Wie denkt aan Koningsdag, denkt aan spelletjes. Oud-Hollandse spelletjes als zaklopen, spijkerpoepen en koekhappen zijn al ruim honderd jaar een vast onderdeel van Koningsdag. Maar hoe is deze traditie eigenlijk ontstaan?
Volgens traditiedeskundige Ineke Strouken zijn spelletjes de basis van Koningsdag. ‘In de tijd dat Koningsdag werd uitgevonden was Nederland erg verdeeld.’ Daarom werd Koningsdag bedacht, een feest waarbij iedereen zich Nederlander voelde. De spelletjes vormde de basis hiervoor. ‘In die tijd was er veel armoede. Kinderen die meededen aan de spelletjes met Koningsdag konden zo leuke dingen winnen.’ De spelletjes pasten goed bij het volkse karakter van Koningsdag. Bovendien had je maar weinig nodig om de spelletjes te organiseren. ‘Iedereen had wel een stuk touw of een koek in huis liggen.’
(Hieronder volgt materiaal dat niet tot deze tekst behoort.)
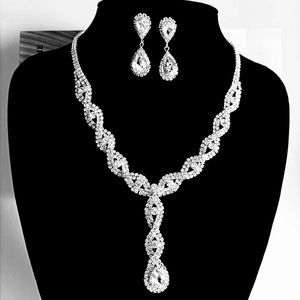 Detailed view of silver twist jewelry set with teardrop crystals on black mannequin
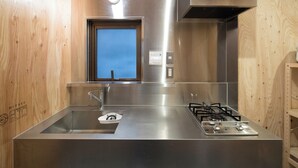 A modern kitchen with a stainless steel sink, a window, and a gas stove. - Vacation house Secretbase (Tokyo)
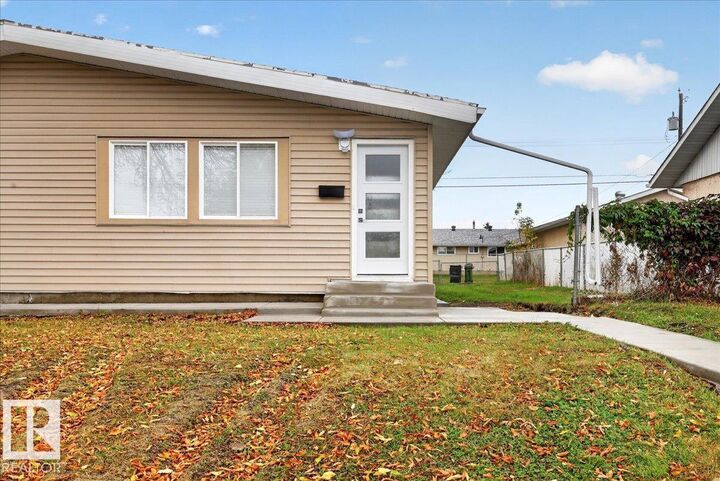 Property Photo:  13246 59 St NW  AB T5A 0R7 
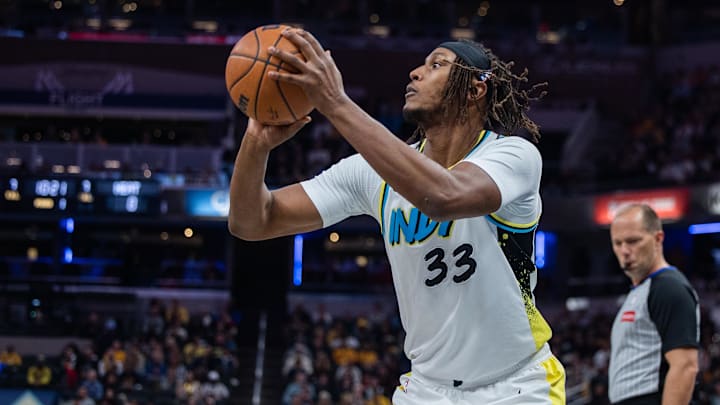 Nov 17, 2024; Indianapolis, Indiana, USA;  Indiana Pacers center Myles Turner (33) shoots the ball in the first quarter against the Miami Heat at Gainbridge Fieldhouse. Mandatory Credit: Trevor Ruszkowski-Imagn Images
Hoewel tradities veranderen, bleken de spelletjes tijdloos te zijn. Veel spelletjes van vroeger kennen nu we nog steeds. ‘Tegenwoordig worden er met Koningsdag soms digitale spelletjes gespeeld, bijvoorbeeld een spel met lazers’, vertelt Strouken. ‘Maar de echte spelletjes zijn koekhappen en spijkerpoepen, die blijven populair.’ Voor koning Willem-Alexander is sport en spel ook een belangrijk onderdeel. Sinds zijn troonbestijging worden elk jaar de Koningsspelen georganiseerd. ‘Je merkt dat elke koning of koningin er zijn eigen draai aan geeft’, aldus Strouken.
Toch blijft de mening van het volk het belangrijkst. Strouken: ‘De koning kan denken: we betrekken kunst of sport bij Koningsdag. Maar de spelletjes blijven zolang wij ze leuk vinden. Het is tenslotte een volksfeest.’